Mais notre octogénaire n'en est plus à
son coup d'essai puisque son dernier passage sur les toiles, « Bug »,
adaptation d'une pièce de Tracy Letts, relevait déjà d'une étrange
atmosphère de huis clos.
Le synopsis de sa cuvée 2012,
elle aussi adaptée de Letts (décidément ces deux-là étaient
destinés à se rencontrer), retrace l'histoire de Chris, 22 ans,
petite frappe sans vergogne, dealer à ses heures et endetté
jusqu'au cou auprès de truands féroces, qui, pour rembourser ce
qu'il doit, cherche 6000 $. L'idée émerge alors, soutenue par père,
belle mère et sœur, d'assassiner la pauvre mère pour toucher le
pactole de l'assurance-vie. Un bémol : qui donc pour accomplir
la sale besogne ? Chris fait appel au Killer Joe du titre
éponyme, incarné par Matthew McConaughey, flic serviable le jour,
tueur à gages bougrement névrosé la nuit, pour assumer la lourde
tâche. Chris est sans sou en poche et Joe ne fait pas crédit ;
le bonhomme a ses principes, ses lois … jusqu'à ce que son monde
bouscule celui de Dottie, sœur cadette de Chris et accessoirement
jeune vierge farouche, qui devient alors jouet érotique de Joe.

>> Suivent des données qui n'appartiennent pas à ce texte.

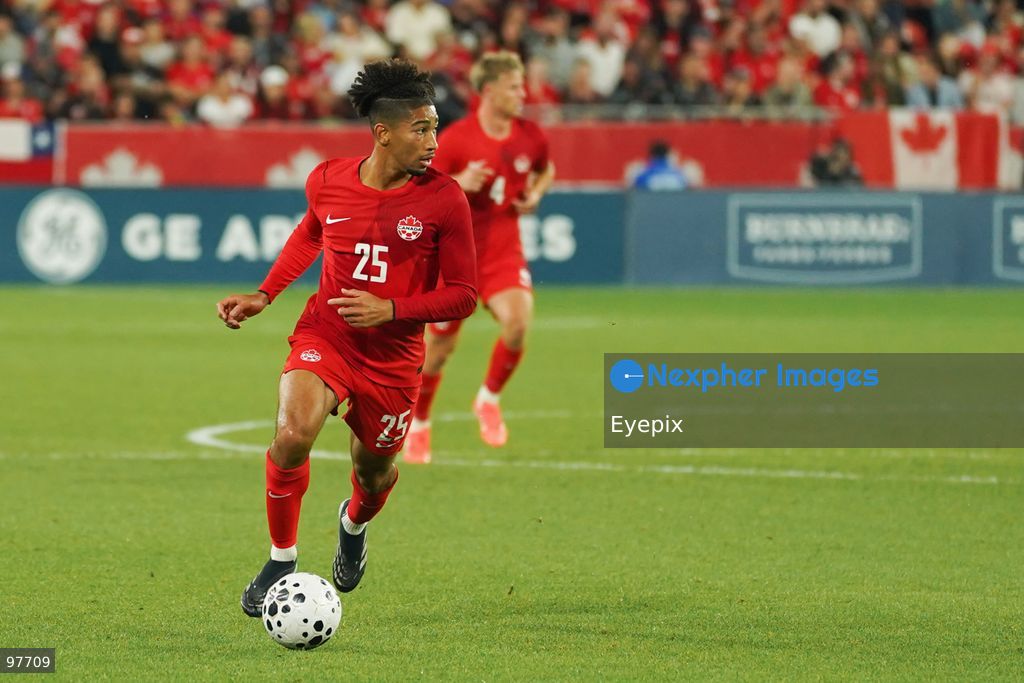 Nathan-Dylan Saliba #25 of Canada runs with the ball during the International Friendly match between Canada and Chile at BMO Filed. on September 26, 2026 in Toronto, Ontario. (Photo by Leonardo Ramirez/ Eyepix Group) (Photo by Leonardo Ramirez/ Eyepix Group/Eyepix via Nexpher Images)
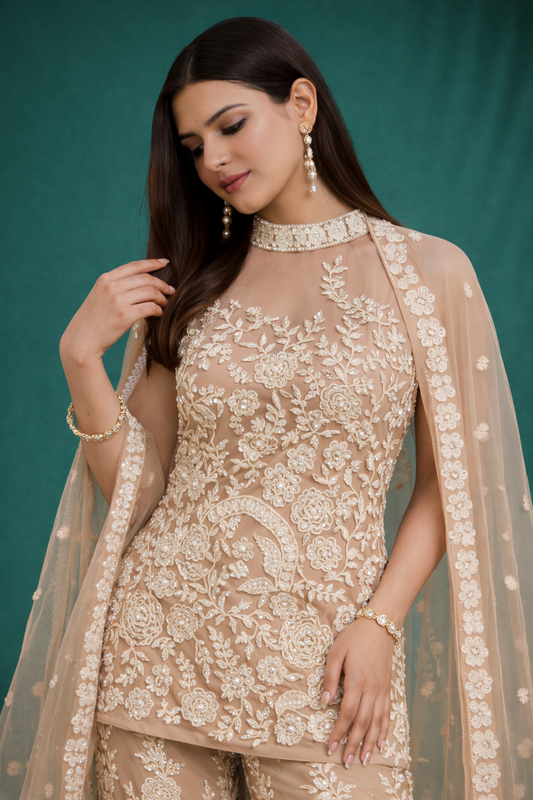 Moonlight Ivory Hand-Embroidered Kurta Sharara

William Friedkin signe un film très
noir, au ton amoral, riche d'un humour décomplexé, optimisant le
talent fou de Matthew McConaughey (séduisant, perturbant,
rassurant), ici à contre emploi total, dans un rôle à l'incroyable
prestance et à la violence inouïe, choquante certes, mais non
dénuée de cet humour malin-malsain décrit plus haut.
Les autres personnages du film sont
écrits et interprétés avec brio par une pléiade de seconds
couteaux (mention spéciale pour la très jolie Juno Temple, qui, si
nous en doutions encore, semble promise à une riche carrière).
En s'immisçant dans cette famille
loufoque, Friedkin explore les facettes d'une humanité plus
rebutante que jamais, et offre un thriller doté d'une patte
artistique surprenante.
Paroxysme d'immoralité sur des scènes
qui resteront immanquablement dans les mémoires (personne ne
regardera une chickenwing de la même façon désormais), et
laisseront le spectateur dans le doute et l'ambivalence, entre dégoût
et attirance.
Le film sera probablement cadenassé
par des réfractaires le réduisant à un simple déballage de
violence « gratuite », mais le condamner en cela serait
en soi immoral.
Le pestiféré d'Hollywood vient
assurément de redorer son blason avec ce qui s'avère être
certainement être l'un des meilleurs films de cette rentrée.